Leaders hail symbiotic ties relationship

 

President Hu Jintao and his US counterpart, Barack Obama, held intensive talks on a broad range of issues at the White House Wednesday in a meeting that set to be one of the year’s defining diplomatic events.

Speaking at a ceremony on the South Lawn of the White House, Hu said, “I hope that through this visit, our two countries will advance the positive and comprehensive relationship and open a new chapter in our cooperation as partners.”

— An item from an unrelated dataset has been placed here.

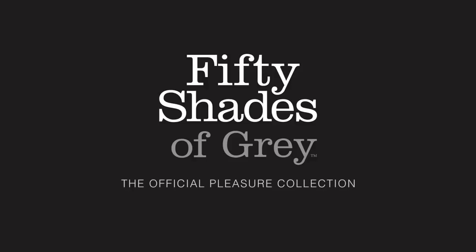The official Fifty Shades of Grey collection — the only range approved by E.L. James.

The two countries should respect each other’s path of development and core interests, while seeking to learn from each other through exchanges and to achieve mutually beneficial progress, Hu added.

Obama replied that the past 30 years had been “a time of growing exchanges and understanding” between the two states and that “with this visit, we can lay the foundation for the next 30 years.”

The US welcomes China’s rise as “a strong, prosperous and successful member” of the community of nations, he said.

After the ceremony, the two leaders engaged in extensive and in-depth discussions on major topics of mutual interest.

However, the apparent highlight was the announcement of a raft of successful trade deals worth billions of dollars.

“We will be announcing that $45 billion of US export deals have been concluded, supporting 235,000 US jobs,” AFP quoted a senior US official as saying, adding that the total includes a massive $19 billion contract for 200 Boeing aircraft.

According to the Wall Street Journal (WSJ), US and Chinese energy companies announced a variety of partnerships at a conference organized by the Brookings Institution, a Washington think-tank.

Alcoa and China Power Investment Corp said they would collaborate on a broad range of aluminum and energy projects, both inside and outside China, totaling $7.5 billion in investments, the newspaper reported.

Klaus Kleinfeld, Alcoa’s CEO, told the WSJ that the Hu-Obama summit had brought the deal home.

“Had the date not been set for the state visit, (the agreement) wouldn’t have happened in a speedy fashion,” Kleinfeld said.

General Electric (GE) Energy announced a joint venture with Shenhua Group Corp to sell clean-coal technologies, the report added.

The two countries will also begin preparing for a jointly financed nuclear security center in China that aims to improve training and security at nuclear sites and to help keep better track of nuclear materials, Reuters reported.

However, such progress did not stop US officials from pushing forward disputes such as the trade imbalance.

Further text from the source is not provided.